DATASET EXCERPTS:
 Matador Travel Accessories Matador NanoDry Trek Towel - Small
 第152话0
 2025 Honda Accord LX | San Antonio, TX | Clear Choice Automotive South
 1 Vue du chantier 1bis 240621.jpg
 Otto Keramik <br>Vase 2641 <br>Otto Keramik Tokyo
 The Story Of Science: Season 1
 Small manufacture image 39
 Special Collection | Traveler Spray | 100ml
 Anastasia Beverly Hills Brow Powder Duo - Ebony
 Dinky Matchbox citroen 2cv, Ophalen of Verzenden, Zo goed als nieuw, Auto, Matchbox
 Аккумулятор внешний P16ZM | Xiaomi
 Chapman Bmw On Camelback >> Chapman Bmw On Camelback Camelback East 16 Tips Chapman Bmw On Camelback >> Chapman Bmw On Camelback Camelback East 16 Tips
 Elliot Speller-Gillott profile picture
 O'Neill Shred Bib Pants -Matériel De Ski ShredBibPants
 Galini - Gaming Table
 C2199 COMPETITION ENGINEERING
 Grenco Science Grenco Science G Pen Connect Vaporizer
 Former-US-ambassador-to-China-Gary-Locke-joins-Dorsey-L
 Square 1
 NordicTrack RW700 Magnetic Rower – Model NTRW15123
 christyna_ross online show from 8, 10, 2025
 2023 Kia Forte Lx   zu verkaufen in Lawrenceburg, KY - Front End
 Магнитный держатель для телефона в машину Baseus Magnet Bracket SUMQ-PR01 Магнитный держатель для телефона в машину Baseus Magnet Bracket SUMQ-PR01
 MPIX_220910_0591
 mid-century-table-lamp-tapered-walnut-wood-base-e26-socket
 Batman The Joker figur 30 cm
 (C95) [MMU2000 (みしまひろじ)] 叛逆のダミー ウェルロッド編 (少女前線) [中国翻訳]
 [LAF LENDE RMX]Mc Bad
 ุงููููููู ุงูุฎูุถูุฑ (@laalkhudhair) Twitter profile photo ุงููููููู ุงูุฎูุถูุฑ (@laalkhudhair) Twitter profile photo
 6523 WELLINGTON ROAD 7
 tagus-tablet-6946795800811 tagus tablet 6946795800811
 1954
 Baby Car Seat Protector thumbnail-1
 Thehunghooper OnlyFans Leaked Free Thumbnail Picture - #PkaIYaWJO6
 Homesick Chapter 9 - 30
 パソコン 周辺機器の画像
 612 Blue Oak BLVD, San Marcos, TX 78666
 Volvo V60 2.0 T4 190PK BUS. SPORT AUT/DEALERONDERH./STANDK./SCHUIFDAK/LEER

ACTIVITY: Write the material out once more so that every line matches the original.

SOLUTION TO THIS EXERCISE:
 Matador Travel Accessories Matador NanoDry Trek Towel - Small
 第152话0
 2025 Honda Accord LX | San Antonio, TX | Clear Choice Automotive South
 1 Vue du chantier 1bis 240621.jpg
 Otto Keramik <br>Vase 2641 <br>Otto Keramik Tokyo
 The Story Of Science: Season 1
 Small manufacture image 39
 Special Collection | Traveler Spray | 100ml
 Anastasia Beverly Hills Brow Powder Duo - Ebony
 Dinky Matchbox citroen 2cv, Ophalen of Verzenden, Zo goed als nieuw, Auto, Matchbox
 Аккумулятор внешний P16ZM | Xiaomi
 Chapman Bmw On Camelback >> Chapman Bmw On Camelback Camelback East 16 Tips Chapman Bmw On Camelback >> Chapman Bmw On Camelback Camelback East 16 Tips
 Elliot Speller-Gillott profile picture
 O'Neill Shred Bib Pants -Matériel De Ski ShredBibPants
 Galini - Gaming Table
 C2199 COMPETITION ENGINEERING
 Grenco Science Grenco Science G Pen Connect Vaporizer
 Former-US-ambassador-to-China-Gary-Locke-joins-Dorsey-L
 Square 1
 NordicTrack RW700 Magnetic Rower – Model NTRW15123
 christyna_ross online show from 8, 10, 2025
 2023 Kia Forte Lx   zu verkaufen in Lawrenceburg, KY - Front End
 Магнитный держатель для телефона в машину Baseus Magnet Bracket SUMQ-PR01 Магнитный держатель для телефона в машину Baseus Magnet Bracket SUMQ-PR01
 MPIX_220910_0591
 mid-century-table-lamp-tapered-walnut-wood-base-e26-socket
 Batman The Joker figur 30 cm
 (C95) [MMU2000 (みしまひろじ)] 叛逆のダミー ウェルロッド編 (少女前線) [中国翻訳]
 [LAF LENDE RMX]Mc Bad
 ุงููููููู ุงูุฎูุถูุฑ (@laalkhudhair) Twitter profile photo ุงููููููู ุงูุฎูุถูุฑ (@laalkhudhair) Twitter profile photo
 6523 WELLINGTON ROAD 7
 tagus-tablet-6946795800811 tagus tablet 6946795800811
 1954
 Baby Car Seat Protector thumbnail-1
 Thehunghooper OnlyFans Leaked Free Thumbnail Picture - #PkaIYaWJO6
 Homesick Chapter 9 - 30
 パソコン 周辺機器の画像
 612 Blue Oak BLVD, San Marcos, TX 78666
 Volvo V60 2.0 T4 190PK BUS. SPORT AUT/DEALERONDERH./STANDK./SCHUIFDAK/LEER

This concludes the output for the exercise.